Task description:
Reproduce the listing below exactly, minus its pictures.

Data in this exercise:
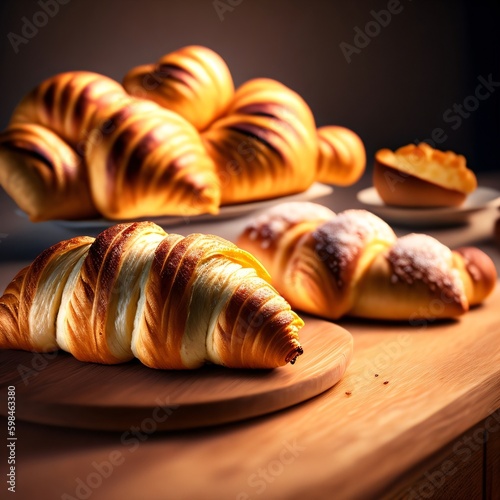 croissant on a black background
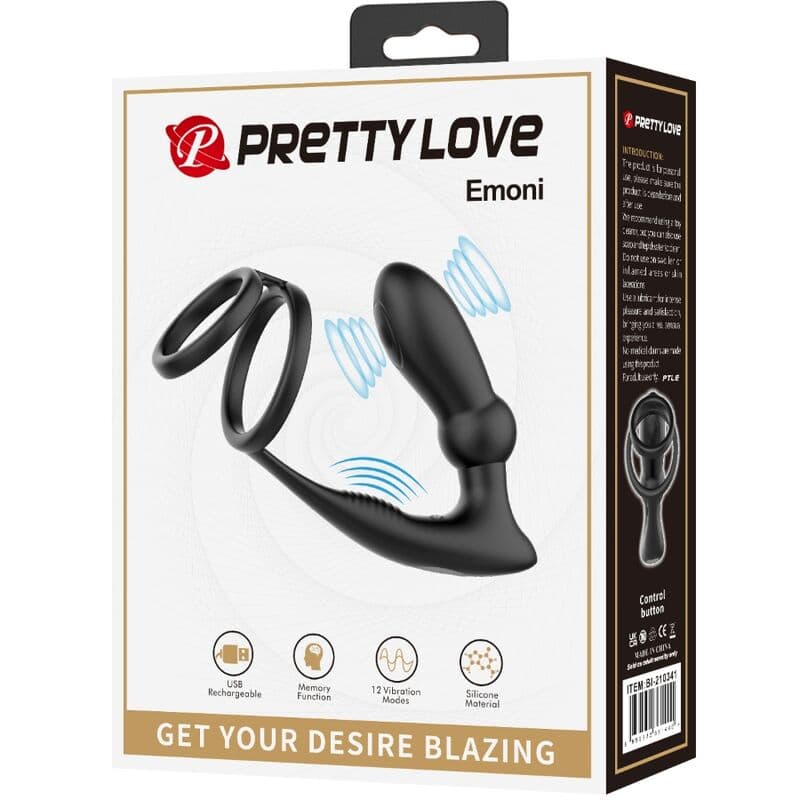 PRETTY LOVE - EMONI PENIS RING + ANAL PLUG 12 VIBRATIONS BLACK thumb 8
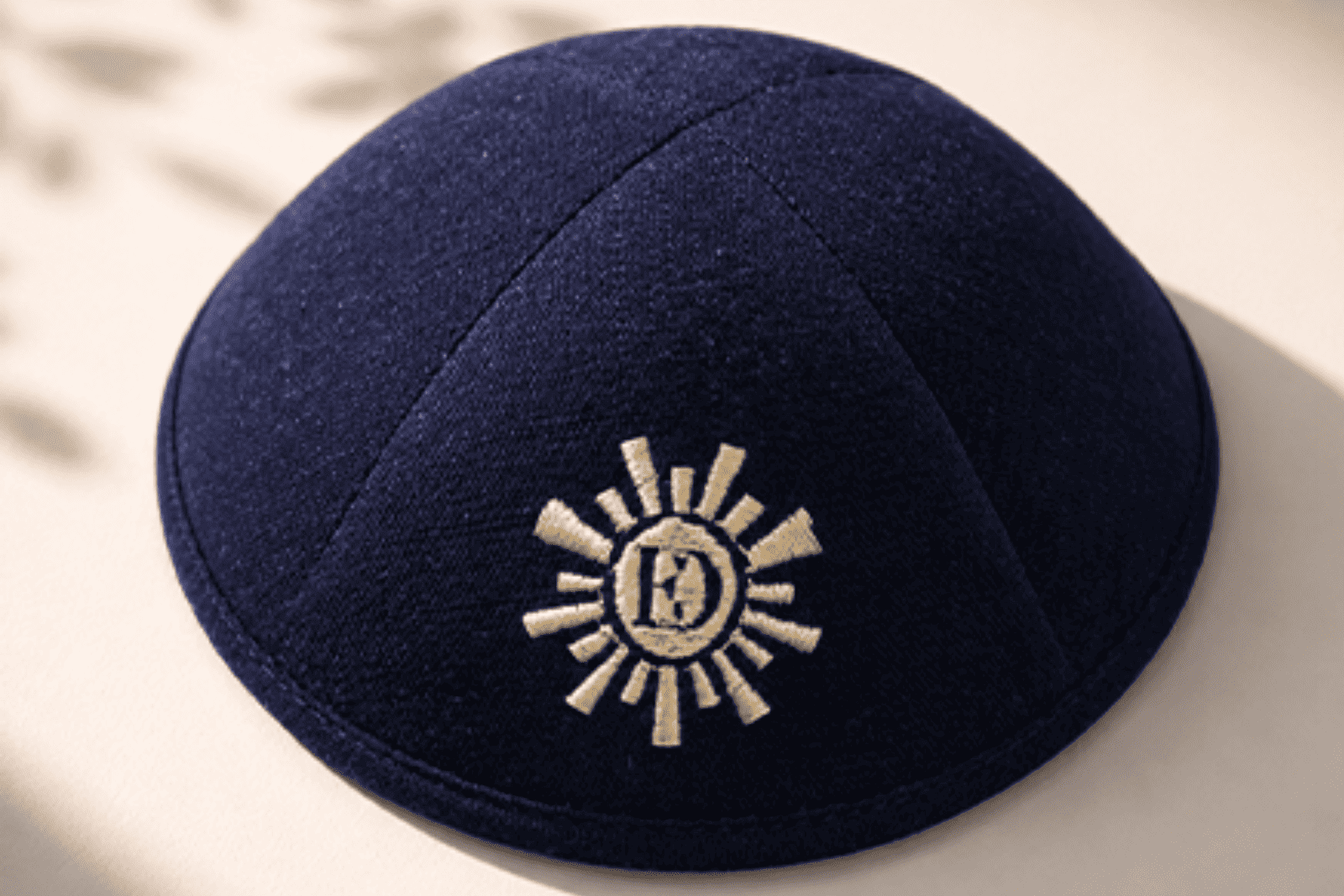 Kippa bleu marine avec logo brodé sur mesure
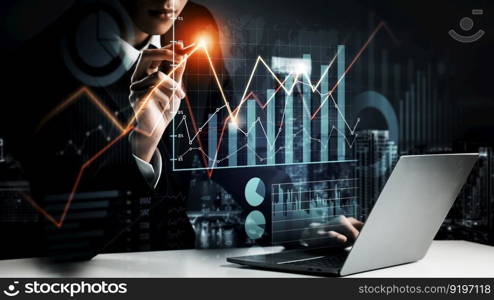 Businessman analyst working with digital finance business data graph showing technology of investment strategy for perceptive financial business decision. Digital economic analysis technology concept.. Businessman working with digital finance business graph of perceptive technology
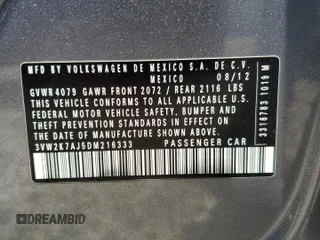2013 Volkswagen Jetta S с VIN 3VW2K7AJ5DM216333, выставлен на аукционе Copart как лот 54557705 с пробегом 173 229 миль миль и Списание • Salvage title. История ставок и продаж доступна на DreamBid. Изображение 12.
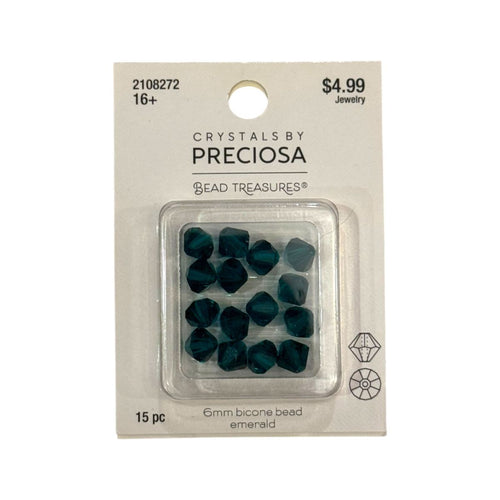 Bicone Bead (6mm) Emerald, 15 Count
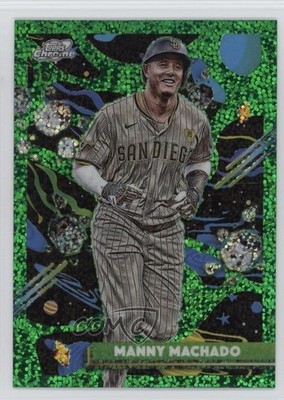 2025 Topps Cosmic Chrome Green Space Dust Refractor 56/75 Manny Machado #86 1ub2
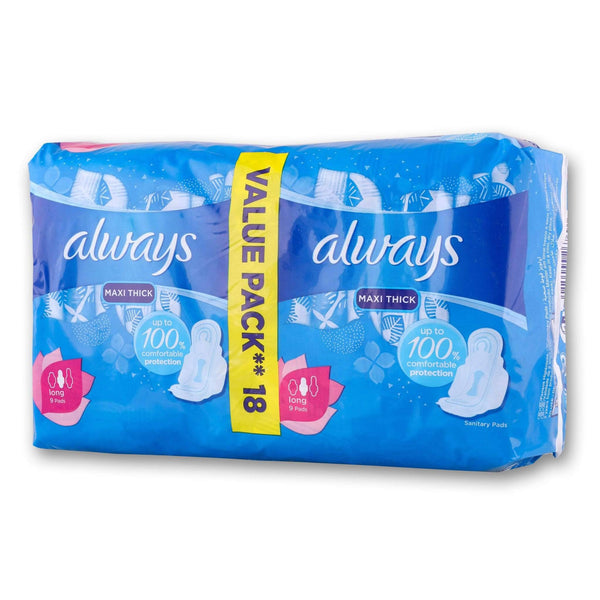 Always, Maxi Thick Sanitary Pads with Wings Value Pack 18's - Long - Cosmetic Connection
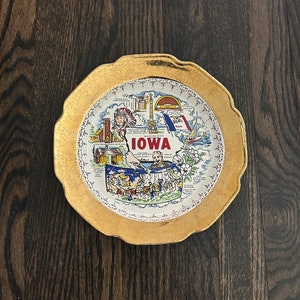 Vintage Iowa Souvenir State Plate Crest-O-Gold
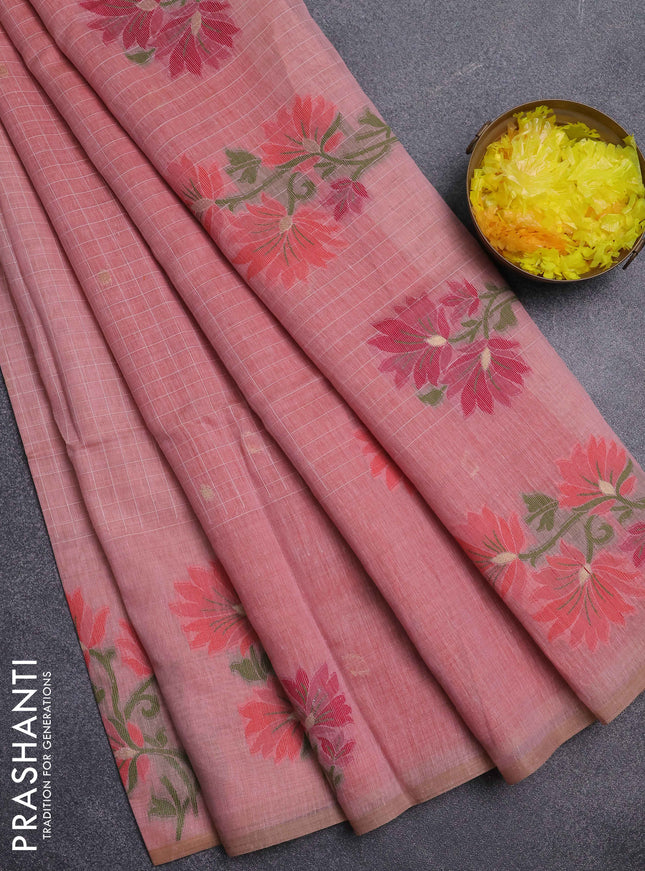 Jamdhani cotton saree peach shade and orange with allover thread checks & buttas and jamdhani pallu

The completed task:
 croissant on a black background
 PRETTY LOVE - EMONI PENIS RING + ANAL PLUG 12 VIBRATIONS BLACK thumb 8
 Kippa bleu marine avec logo brodé sur mesure
 Businessman analyst working with digital finance business data graph showing technology of investment strategy for perceptive financial business decision. Digital economic analysis technology concept.. Businessman working with digital finance business graph of perceptive technology
2013 Volkswagen Jetta S с VIN 3VW2K7AJ5DM216333, выставлен на аукционе Copart как лот 54557705 с пробегом 173 229 миль миль и Списание • Salvage title. История ставок и продаж доступна на DreamBid. Изображение 12.
 Bicone Bead (6mm) Emerald, 15 Count
 2025 Topps Cosmic Chrome Green Space Dust Refractor 56/75 Manny Machado #86 1ub2
 Always, Maxi Thick Sanitary Pads with Wings Value Pack 18's - Long - Cosmetic Connection
 Vintage Iowa Souvenir State Plate Crest-O-Gold
 Jamdhani cotton saree peach shade and orange with allover thread checks & buttas and jamdhani pallu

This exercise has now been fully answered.